Fiscal Year 2020 Results:

Net income for the year was approximately $5.0 million, compared to approximately $1.8 million in the prior year. Net loss available to common stockholders and non-controlling OP Unitholders during the year was approximately $4.4 million, or $0.20 per share, compared to approximately $2.5 million, or $0.12 per share, in the prior year. AFFO for the year was approximately $14.3 million, an increase of approximately $3.1 million, or 27.3%, from the prior year, while AFFO per common share increased to approximately $0.64 for the current year, compared to $0.57 for the prior year. Common stock dividends declared for the year were approximately $0.54 per share, compared to approximately $0.53 per share in the prior year.

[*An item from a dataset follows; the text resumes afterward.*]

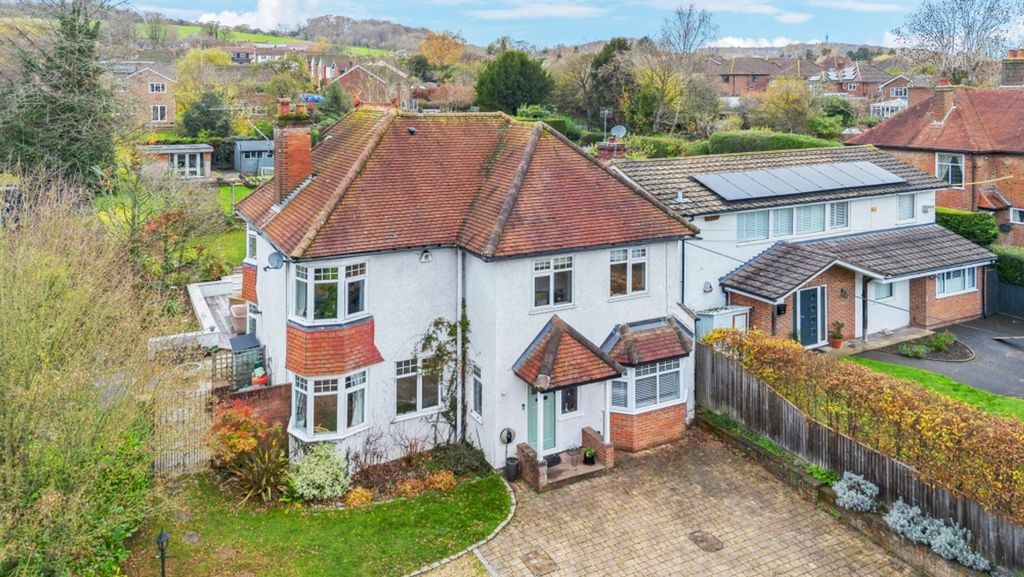 Property photo 1 of 36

The increase in AFFO was primarily driven by additional lease revenues earned on recent acquisitions, partially offset by increases in preferred dividends (due to additional share issuances), related-party fees (partly due to a credit granted to us by our Adviser in the prior year), and interest expense (due to additional borrowings). On a same-property basis, revenue from fixed base rents were up by approximately 2.2% over last year. Revenue from participation rents were approximately $2.4 million, compared to approximately $2.3 million in the prior year. The slight year-over-year increase was primarily due to the participation rent component of one additional farm becoming active during 2020, partially offset by lease amendments on two other farms during the year, in which we decreased the participation rent component in exchange for higher fixed base cash rents. Excluding related-party fees, recurring core operating expenses decreased by approximately $820,000, or 21.2%, primarily due to additional expenses incurred during the prior year related to temporary generator rental costs to power newly-drilled wells on one of our properties.

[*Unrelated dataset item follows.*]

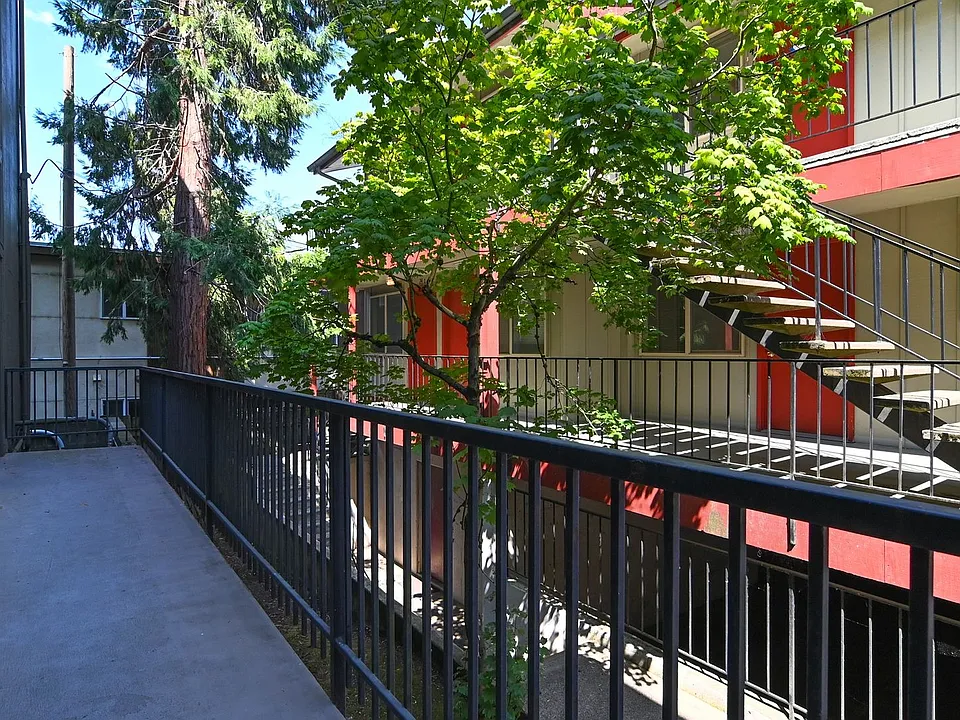 Hess Apartments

Subsequent to December 31, 2020:

  • Portfolio Activity:
    • Leasing Activity-Lease Renewals: Extended the leases on two of our farms (one in CA and one in CO) that were originally scheduled to expire in 2021. In the aggregate, the new leases are expected to result in a decrease in annual net operating income of approximately $132,000, or 6.8%, from that of the prior leases.
    • Rent Collections: Collected all of the base cash rent amounts owed to us thus far in 2021 except for approximately $97,000 owed from two tenants, which amounts are expected to be collected in full during 2021.
  • Debt Activity:
    • New Long-term Borrowing: Secured a total of approximately $4.5 million of new, long-term borrowings from two different lenders. On a weighted-average basis, these loans will bear interest at an expected effective interest rate of 2.70% and are fixed for 7.4 years.
    • Issuance of Series D Term Preferred Stock and Redemption of Series A Term Preferred Stock: Completed a public offering of 5.00% Series D Cumulative Term Preferred Stock (the "Series D Term Preferred Stock"), whereby we sold a total of 2,415,000 shares for total net proceeds of approximately $58.5 million. Approximately $28.8 million of these proceeds were used to redeem all of our outstanding shares of 6.375% Series A Cumulative Term Preferred Stock (the "Series A Term Preferred Stock").
  • Equity Activity:
    • Series C Preferred Stock: Sold 313,646 shares of our Series C Preferred Stock for net proceeds of approximately $7.1 million.
    • Common Stock-ATM Program: Sold 524,148 shares of our common stock for net proceeds of approximately $7.5 million under the ATM Program.
  • Increased Distributions: Increased our distribution run rate by 0.11%, declaring monthly cash distributions of $0.04495 per share of common stock (including OP Units held by non-controlling OP Unitholders, if any) for each of January, February, and March 2021. This marks our 21st distribution increase over the past 24 quarters, during which time we have increased the distribution run rate by 49.8%.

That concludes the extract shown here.